GECEKONDULARDA GETTOLAR TÜREMİŞTİ: Çeşitli nedenlerle kırsaldan göç eden vatandaşlarımız genellikle denetimsizlik neticesinde şehirlerin etrafına gecekondu dediğimiz sağlıksız yerleşim yerleri kurmuşlardır. Siyasetçilerin göz yummasıyla bu gecekonduların sayısı artmıştır. Herhangi bir depremde; işte daha yeni Konya’da olan hadiseyi duydunuz. Yığma bir gecekonduda üç tane çocuk öldü. Şimdi bunlara eyvallah etmek mümkün mü? İstanbul gibi bir şehirde ne yazık ki aynı şeyler yaşanıyor. Şimdi biz bunlara on yıllar boyunca yoksulluğu çoğaltan politikalar eklenince sorun içinden çıkılmaz hale gelmiştir. 1984’ten itibaren bölücü terörle, çarpık kentleşme diğer bölgelerimize de yayıldı. Çarpık kentleşme ve gecekondulaşmanın şehirlerimizin sadece yapısını kültürünü değil sosyal dokusunu da tahrip ettiğini gördük. Suç oranlarından, uyuşturucu kullanımına kadar birçok sıkıntıyla yüzleşmek zorunda kaldık. Bir dönem İstanbul gibi şehirlerimizde devletin adeta hiçbir varlık gösteremediği gettolar, varoşlar türedi. 1994 yılında İBB Başkanı olduğumda karşımızda gerçekten korkunç bir manzara bulduk. Çarpık kentleşme ve gecekondulaşma sorunu İstanbul’da had safhadaydı. Aynı şekilde İzmir’de Kadifekale. Gecekondulardan geçilmiyor, hâlâ öyle. Rezillik üzerine rezillik. Ankara’nın bir kısmı yine öyle.

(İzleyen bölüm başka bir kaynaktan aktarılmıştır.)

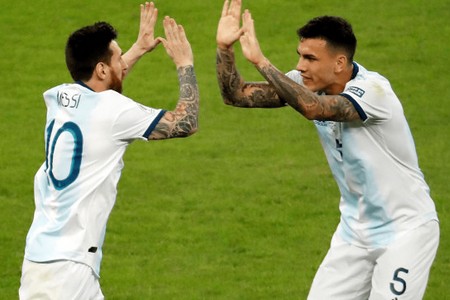 Без Месси, Агуэро и Ди Марии, но с Паредесом: объявлен новый состав сборной Аргентины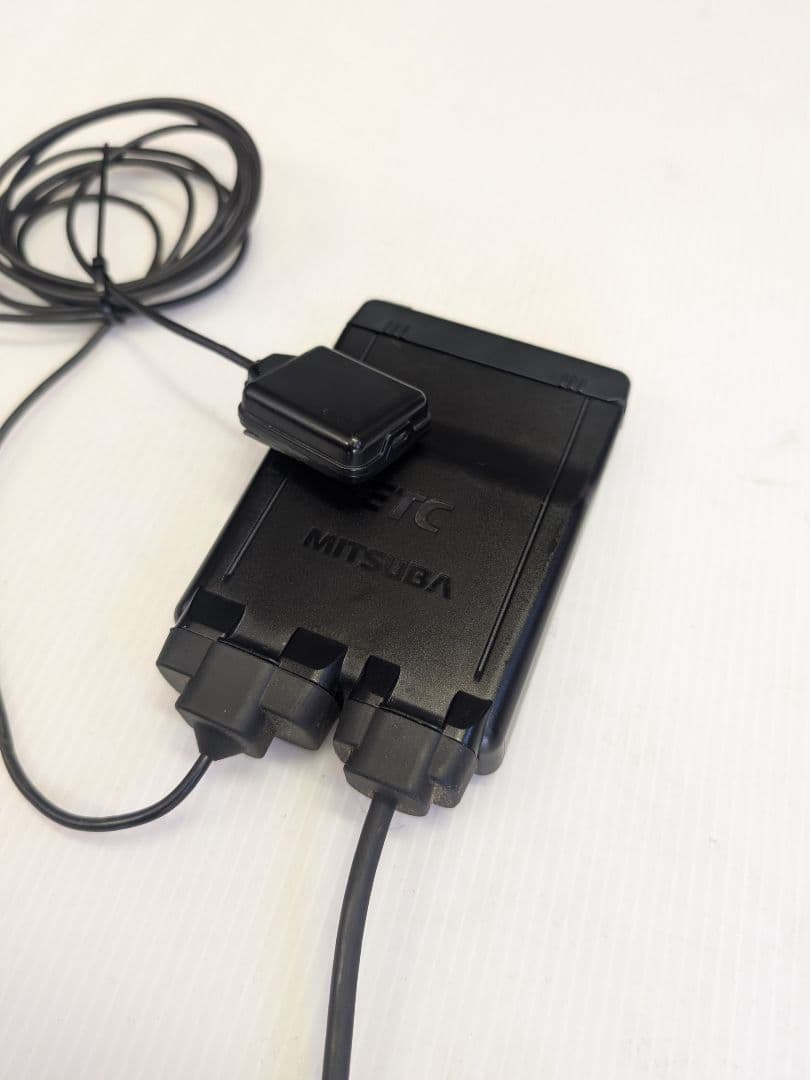 バイク用 ETC ミツバ MSC-BE51 アンテナ分離型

GECEKONDU SAHİPLERİNİ DEVLETLE KUCAKLAŞTIRMANIN MÜCADELESİNİ VERDİK: Kentsel dönüşüm diye ortaya çıktık, çünkü bunların değişmesi gerekiyordu. İşte 1 milyona yakın TOKİ vasıtasıyla yaptığımız konutlar bunun adımlarıydı. Gecekonduları şehirle, gecekondu sahiplerini de devletle kucaklaştırmanın mücadelesini verdik. O dönem İstanbul’da Kiptaş adlı kuruluş ortaya koyduk.
DİYARBAKIR ESKİ DİYARBAKIR DEĞİL: 3-5 yıl öncesinin Diyarbakır’ı ile bugünün aynı değil. Binalar bitişik nizam, içinden tüneller açılmış, bombalar yerleştirilmiş olan o binaların hepsini yıktık ve şimdi oralarda TOKİ olarak girdik ve oralarda yaptığımız konutlarla biz o bölgede yaşayan vatandaşlarımıza da insanca yaşamanın imkanını sağladık. Kürtler yaşıyor, Türkler yaşıyor demedik. Buralarda benim vatandaşım yaşıyor dedik.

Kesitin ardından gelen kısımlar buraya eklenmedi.